Books on homesteading have chugged along for years, finding readers in small towns, rural communities, and big cities who want to learn how to become self-reliant. But it’s the “little farm in the big city” trend that publishers are cashing in on this season. Come spring, a range of books about living sustainably in an urban environment will flood the shelves, some even despite potential controversy.

It seems life on the urban farm isn’t always as sweet as a bowl of just-picked cherries. Last October, Jules Dervaes of Pasadena--whose family turned its one-fifth-acre lot into a self-sufficient, sustainable farm and whose website , www.UrbanHomestead.org, gets “several million hits per month” according to a press release the family issued--trademarked the phrases Urban Homestead and Urban Homesteading.
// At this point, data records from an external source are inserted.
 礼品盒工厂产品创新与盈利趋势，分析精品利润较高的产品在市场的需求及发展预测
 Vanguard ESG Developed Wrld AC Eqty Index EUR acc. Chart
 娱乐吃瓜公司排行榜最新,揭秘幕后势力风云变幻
As of February 18, the family, which operates the non-profit Dervaes Institute, had contacted 16 organizations, publishers, and other businesses about usage of the registered terms. It sent cease-and-desist letters to radio shows, to a public library that was holding a free event on the subject of living sustainably in a city, and to Kelly Coyne and Erik Knutzen, the authors of The Urban Homestead, published by Process in 2008. Corynne McSherry, Intellectual Property Director of the Electronic Frontier Foundation, is now representing the authors and publisher.
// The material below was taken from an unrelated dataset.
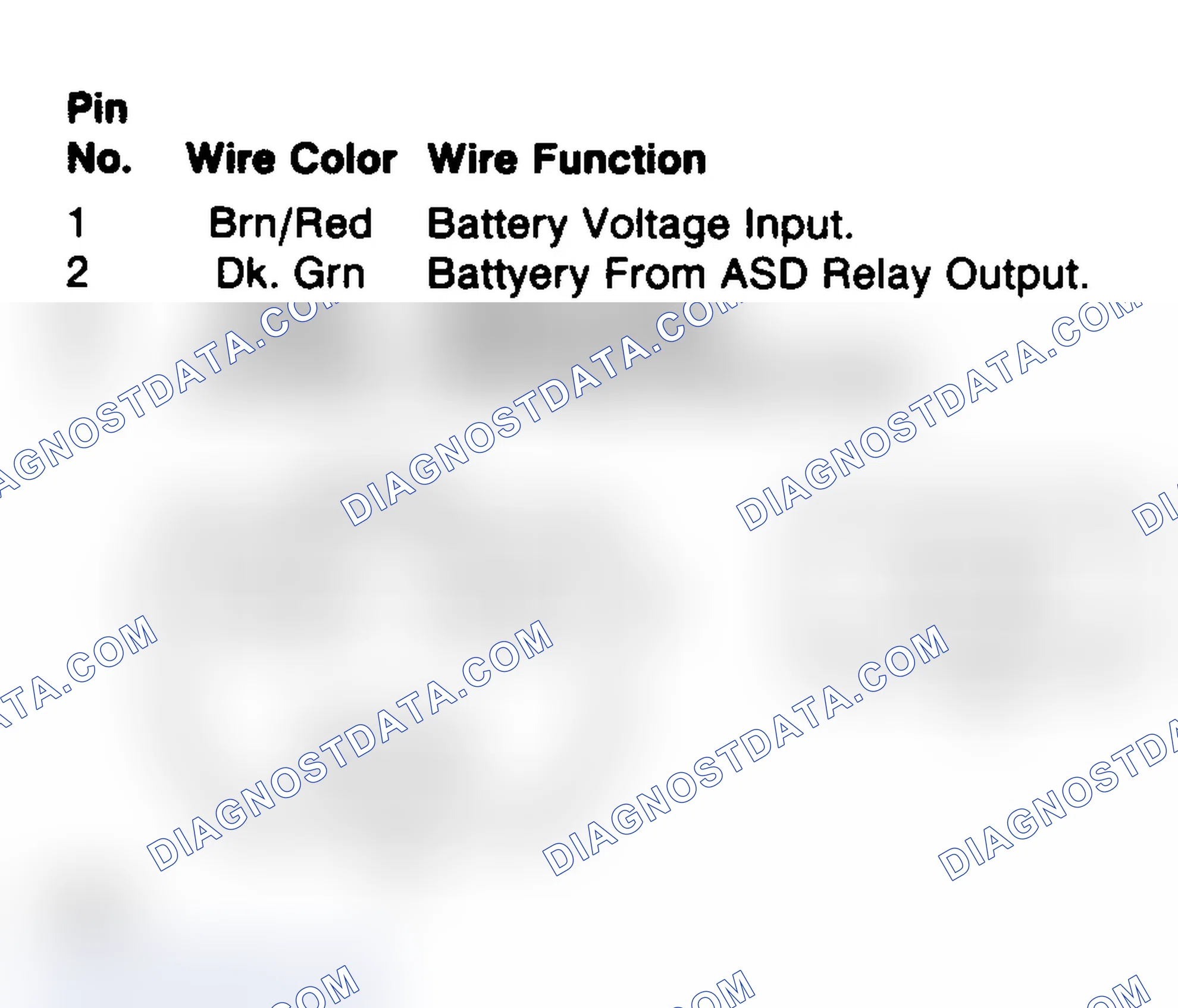 Scheme 101: ASD Relay Connector Terminals (All Models)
Dervaes has also been in touch with the author of a book that Skyhorse will publish in April. In its promotional copy for Urban Homesteading: Heirloom Skills for Sustainable Living, Skyhorse calls author Rachel Kaplan “an urban homesteader, artist, psychotherapist, and mother” who grows much of her family’s food in small plots in Sonoma County. A rep from the publisher said that despite Dervaes’s letter, though, it is still moving forward as planned with the title. Publisher Tony Lyons told PW, “All trademarks are not created equal. Urban Homesteading is clearly a generic, ‘merely descriptive’ phrase that has been used in the United States for decades. It is not a unique or especially creative combination of words. As a result, any trademark protection granted for the phrase Urban Homestead or Urban Homesteading would be very weak.” Dervaes did not respond to PW’s request for comment.

In June, Penguin will add The Complete Idiot's Guide to Urban Homesteading to its successful guidebook series. The book's author is Sundari Elizabeth Kraft, an "expert in urban homsteading."
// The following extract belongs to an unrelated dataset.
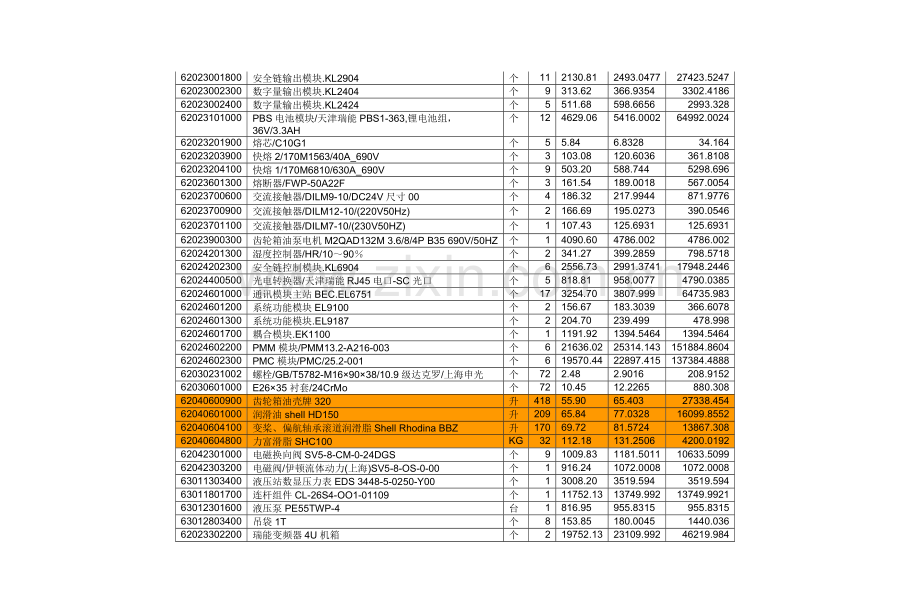 备品备件检查汇总.doc_第2页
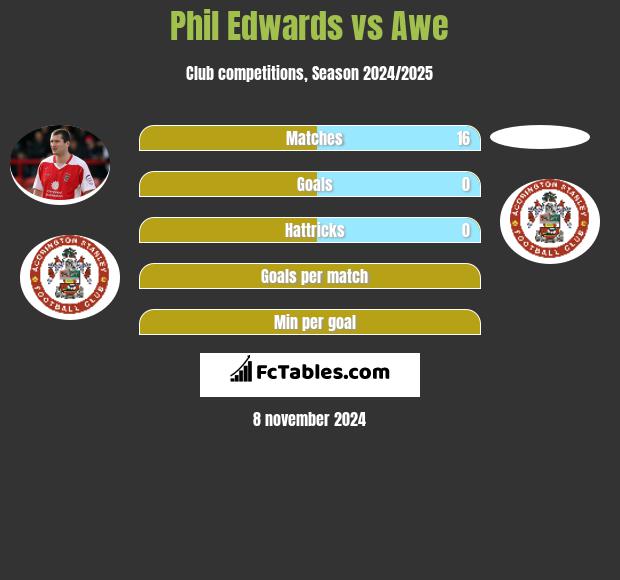 Phil Edwards vs Awe h2h player stats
Other forthcoming books on the subject play it safer—knowingly or not—with their titles. Amy Pennington, whose Urban Pantry was a breakout hit for Skipstone Press last year, has written Apartment Gardening: Plants, Projects, and Recipes for Growing Food in Your Urban Home. Sasquatch will publish the book in April. Apartment Gardening will contend with Your Farm in the City: An Urban-Dweller's Guide to Growing Food and Raising Animals by Lisa Taylor, just out from Black Dog & Leventhal; City Farmer: Adventures in Urban Food Growing by Lorraine Johnson, which Greystone published in February; Modern Homestead: Grow, Raise, Create by Renee Wilkinson (Fulcrum, Apr.); and The Edible Front Yard by Ivette Soler (Timber, Feb.). There’s even a new book on urban food-growing for kids: Watch Me Grow!: A Down-to-Earth Look at Growing Food in the City by Deborah Hodge (Kids Can Press).

Like anyone who is granted a trademark on a phrase, Dervaes must defend the terms Urban Homestead and Urban Homesteading vigorously—if he doesn’t, the law views him as giving up his rights to the phrases. Often, an author will grant a license to use a term for free. It remains to be seen whether or not Dervaes will take that route.